All opinions, estimates and forecasts of future performance or other events contained herein are based on information available to Hamilton Lane as of the date of this presentation and are subject to change. Past performance of the investments described herein is not indicative of future results. In addition, nothing contained herein shall be deemed to be a prediction of future performance. The information included in this presentation has not been reviewed or audited by independent public accountants. Certain information included herein has been obtained from sources that Hamilton Lane believes to be reliable, but the accuracy of such information cannot be guaranteed.

This presentation is not an offer to sell, or a solicitation of any offer to buy, any security or to enter into any agreement with Hamilton Lane or any of its affiliates. Any such offering will be made only at your request. We do not intend that any public offering will be made by us at any time with respect to any potential transaction discussed in this presentation.
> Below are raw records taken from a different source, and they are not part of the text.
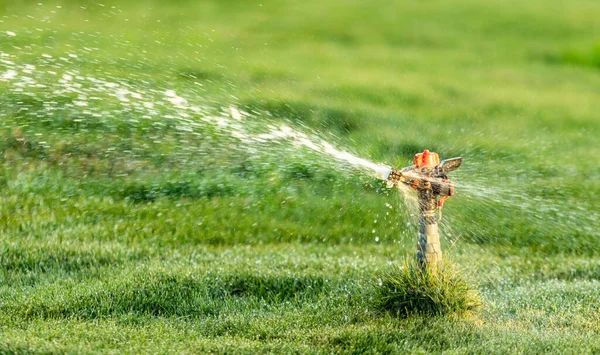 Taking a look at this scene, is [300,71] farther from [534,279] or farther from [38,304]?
[38,304]

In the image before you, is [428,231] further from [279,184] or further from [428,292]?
[279,184]

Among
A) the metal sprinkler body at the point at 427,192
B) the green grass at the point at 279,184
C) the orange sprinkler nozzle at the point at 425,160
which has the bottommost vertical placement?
the green grass at the point at 279,184

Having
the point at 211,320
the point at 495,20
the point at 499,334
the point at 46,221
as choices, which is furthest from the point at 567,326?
the point at 495,20

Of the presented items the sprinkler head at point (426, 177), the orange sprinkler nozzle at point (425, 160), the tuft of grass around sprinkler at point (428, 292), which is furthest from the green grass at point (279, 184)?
the orange sprinkler nozzle at point (425, 160)

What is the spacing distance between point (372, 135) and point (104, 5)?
8111 millimetres

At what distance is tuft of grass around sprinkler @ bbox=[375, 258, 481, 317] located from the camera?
174 inches

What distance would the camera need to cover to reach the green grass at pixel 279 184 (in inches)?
177

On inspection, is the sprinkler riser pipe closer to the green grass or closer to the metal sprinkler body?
the metal sprinkler body

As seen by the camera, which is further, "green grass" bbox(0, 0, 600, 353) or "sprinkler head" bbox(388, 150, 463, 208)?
"green grass" bbox(0, 0, 600, 353)

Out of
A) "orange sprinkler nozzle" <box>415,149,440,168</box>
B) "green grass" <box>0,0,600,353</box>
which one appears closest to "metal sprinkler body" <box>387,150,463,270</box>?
"orange sprinkler nozzle" <box>415,149,440,168</box>

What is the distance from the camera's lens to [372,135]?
30.5ft

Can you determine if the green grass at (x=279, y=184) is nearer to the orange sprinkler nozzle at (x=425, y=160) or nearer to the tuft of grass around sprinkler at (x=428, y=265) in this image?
the tuft of grass around sprinkler at (x=428, y=265)

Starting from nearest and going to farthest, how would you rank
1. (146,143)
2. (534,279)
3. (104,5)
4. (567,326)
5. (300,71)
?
(567,326), (534,279), (146,143), (300,71), (104,5)

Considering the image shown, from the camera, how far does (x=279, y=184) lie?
805cm
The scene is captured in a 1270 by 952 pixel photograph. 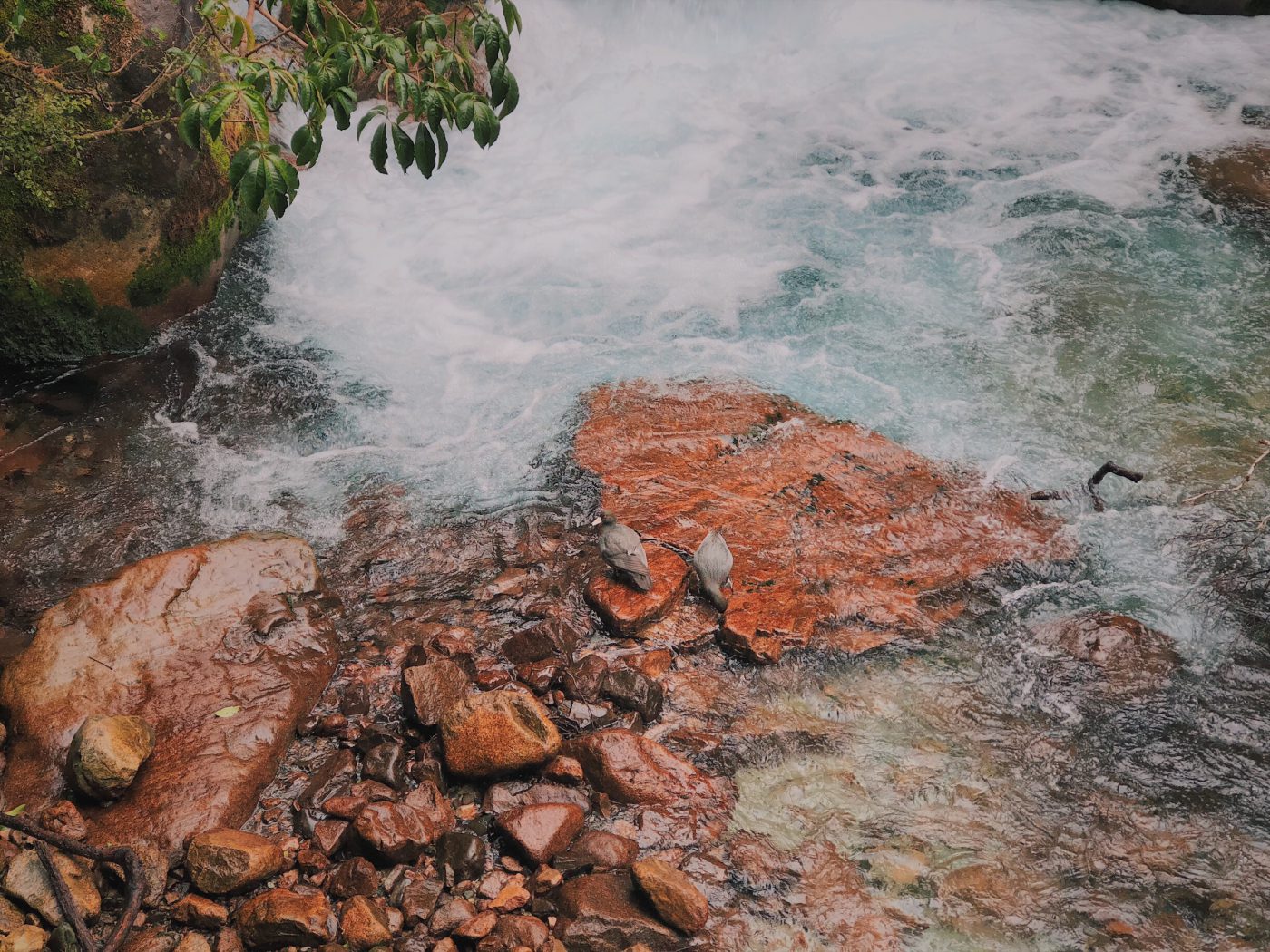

Any offering or potential transaction will be made pursuant to separate documentation negotiated between us, which will supersede entirely the information contained herein.

Certain of the performance results included herein do not reflect the deduction of any applicable advisory or management fees, since it is not possible to allocate such fees accurately in a vintage year presentation or in a composite measured at different points in time. A client’s rate of return will be reduced by any applicable advisory or management fees, carried interest and any expenses incurred. Hamilton Lane’s fees are described in Part 2 of our Form ADV, a copy of which is available upon request.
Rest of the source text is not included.